For typographic prints, a direct mount usually works best. The designs are already carefully composed with their own margins, and adding a window mount can create too much white space.
Hanging hardware
The right hardware depends on the wall type and the weight of the framed print:
Plasterboard
Most interior walls in modern UK homes are plasterboard on timber or metal studs. Standard nails and screws will pull out of plasterboard under modest weight.
- For prints up to 2kg (A4 and A3 in lightweight frames): Picture hooks with hardened steel pins. The angled pin spreads the load better than a straight nail.
- For prints up to 5kg (A2 in a standard frame): Toggle or spring anchors. These expand behind the plasterboard to grip a larger area.
- For prints over 5kg (A1 and A0 in heavy frames): Find a stud. Use a stud finder or tap the wall (studs sound solid, gaps sound hollow). A screw into a timber stud will hold virtually any domestic frame.
Solid walls (brick, stone, concrete)
Older properties and some modern builds have solid masonry walls. These are stronger but require drilling.
- Use wall plugs (Rawlplugs) with screws. Drill the hole slightly smaller than the plug diameter for a tight fit.
- A masonry drill bit is essential. Standard drill bits will not penetrate brick or concrete.
- For heavy frames, use two fixings spaced apart rather than one central fixing. This distributes the weight and prevents the frame from pivoting.
Damage-free options for renters
- Command strips — 3M Command strips hold up to 7kg per pair and peel off cleanly when you move out. They work on most smooth, painted surfaces. Follow the weight guidelines carefully.
- Picture hanging strips — Velcro-style strips that hold the frame flush to the wall. Good for lightweight frames (A4 and A3).
- Picture rails — Many older properties have existing picture rails. Use picture rail hooks and wire to hang frames at any height without touching the wall.
- Leaning — For large prints (A1, A0), leaning the frame against the wall on a shelf or mantelpiece creates a casual, gallery feel without any fixings at all.
Getting it straight
- Mark the hanging point on the wall with a pencil.
- Use a spirit level (or the level app on your phone) to check the mark is where you want it.
- After hanging, place the spirit level on top of the frame to verify it is level.

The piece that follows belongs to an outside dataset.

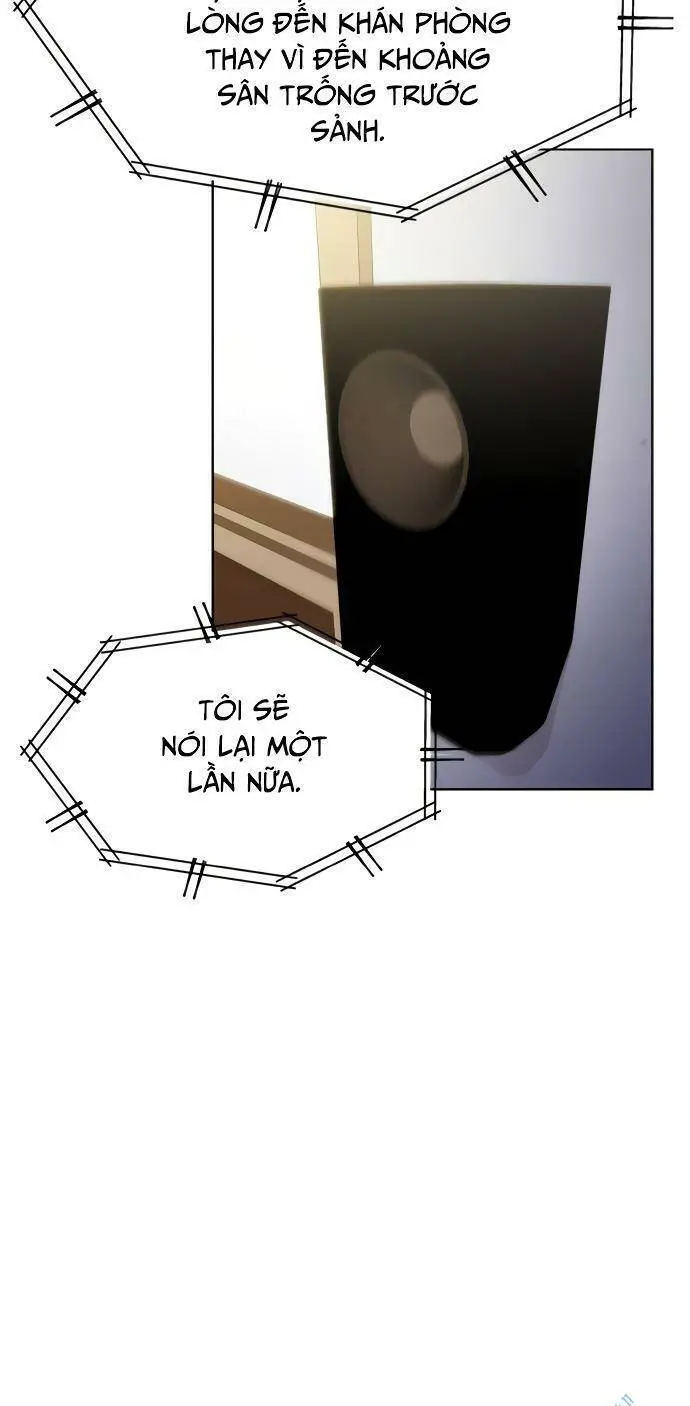 Từ Nhân Viên Vạn Năng Trở Thành Huyền Thoại Nettruyen ZZZ Chương 14 Page 40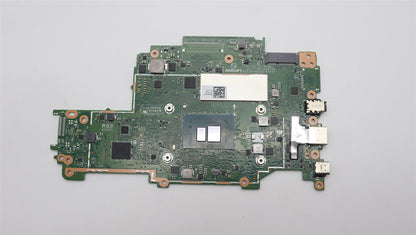 Lenovo 14e Gen3 Motherboard Mainboard UMA INTELN100 8G 5B21L76908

- If the frame tilts, most hanging hardware allows micro-adjustment. Slide the wire left or right on the hook.
- For gallery walls, a laser level projects a line across the wall that you can align multiple frames to. They cost under £15 and save hours of frustration.
Common mistakes
- Using a nail when you need an anchor. A nail in plasterboard will hold for a while and then pull out, usually at 3am.
- Hanging too high. The centre of the artwork should be at eye level — roughly 145cm from the floor, or lower above furniture.
- Forgetting the wire slack. If you use D-rings and wire on the back of the frame, the wire will sag under the frame's weight. Measure from the taut wire to the top of the frame, not from the D-rings.
- Not checking for pipes and cables. Before drilling, use a cable and pipe detector. They cost under £20 and prevent expensive, dangerous mistakes.